> _Instructions for the task_
Each entry below is to be returned exactly, with any pictures left out.

(Short web captions)
☆ ☆ ☆ ☆
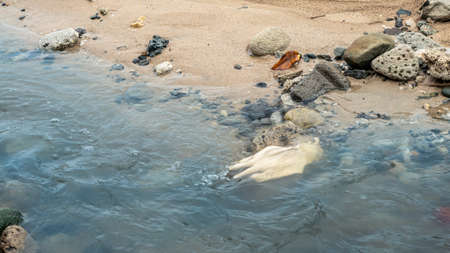 Coronavirus polluting the environment. The waves wash up old used medical gloves waste. Protective equipment get into the water, they pose a threat to marine life.の写真素材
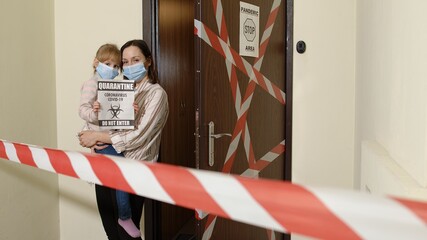 Sick mother with kid daughter in medical masks holding inscription text, opening entrance corridor door with warning sign. Family of woman and child girl during coronavirus quarantine lockdown at home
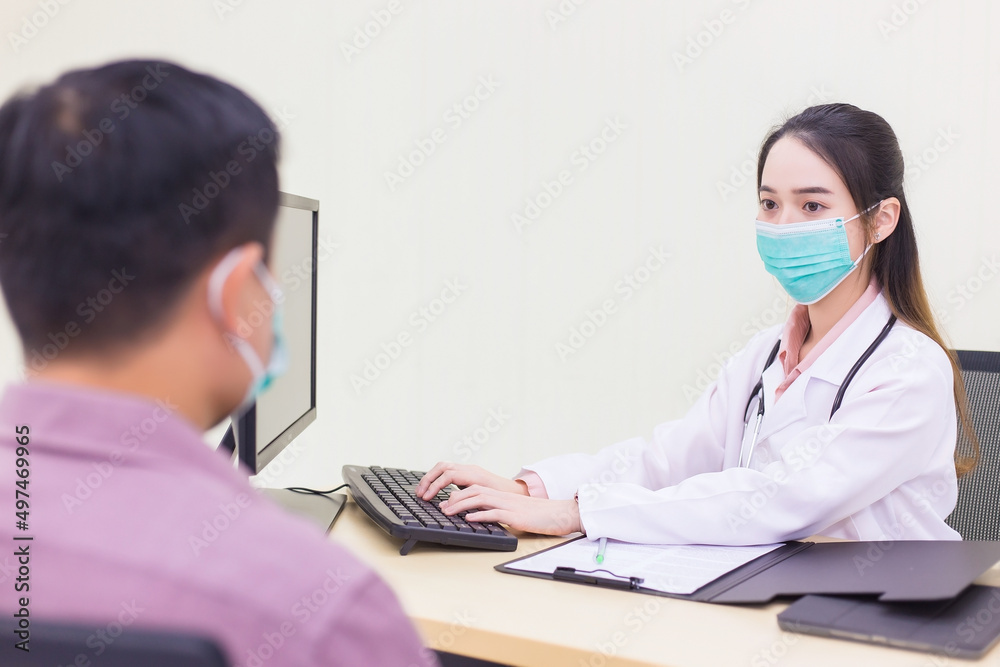 Professional Asian woman doctor records symptom of man patient in document at hospital, both of them wear medical face mask to protect Coronavirus (Covid 19) while in examination room at hospital. Professional Asian woman doctor records symptom of man patient in document at hospital, both of them wear medical face mask to protect Coronavirus (Covid 19) while in examination room at hospital.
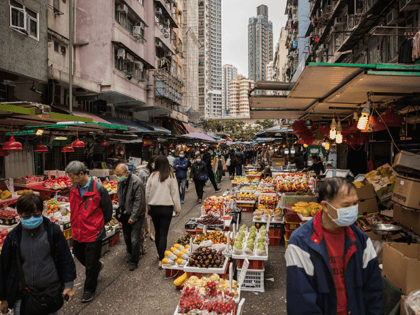 People wearing protective face masks shop at a fresh food market in Hong Kong on February 9, 2020, as a preventative measure after a coronavirus outbreak which began in the Chinese city of Wuhan. - The previously unknown virus has caused alarm because of its similarity to SARS (Severe Acute …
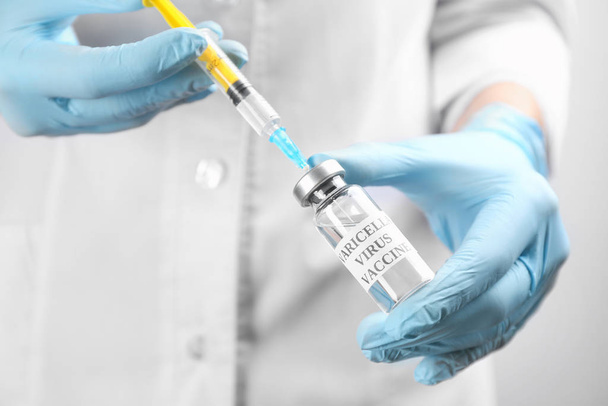 Doctor filling syringe with chickenpox vaccine, closeup. Varicella virus prevention - Valokuva, kuva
☆ ☆ ☆ ☆
> _Response area_
 Coronavirus polluting the environment. The waves wash up old used medical gloves waste. Protective equipment get into the water, they pose a threat to marine life.の写真素材
 Sick mother with kid daughter in medical masks holding inscription text, opening entrance corridor door with warning sign. Family of woman and child girl during coronavirus quarantine lockdown at home
 Professional Asian woman doctor records symptom of man patient in document at hospital, both of them wear medical face mask to protect Coronavirus (Covid 19) while in examination room at hospital. Professional Asian woman doctor records symptom of man patient in document at hospital, both of them wear medical face mask to protect Coronavirus (Covid 19) while in examination room at hospital.
 People wearing protective face masks shop at a fresh food market in Hong Kong on February 9, 2020, as a preventative measure after a coronavirus outbreak which began in the Chinese city of Wuhan. - The previously unknown virus has caused alarm because of its similarity to SARS (Severe Acute …
 Doctor filling syringe with chickenpox vaccine, closeup. Varicella virus prevention - Valokuva, kuva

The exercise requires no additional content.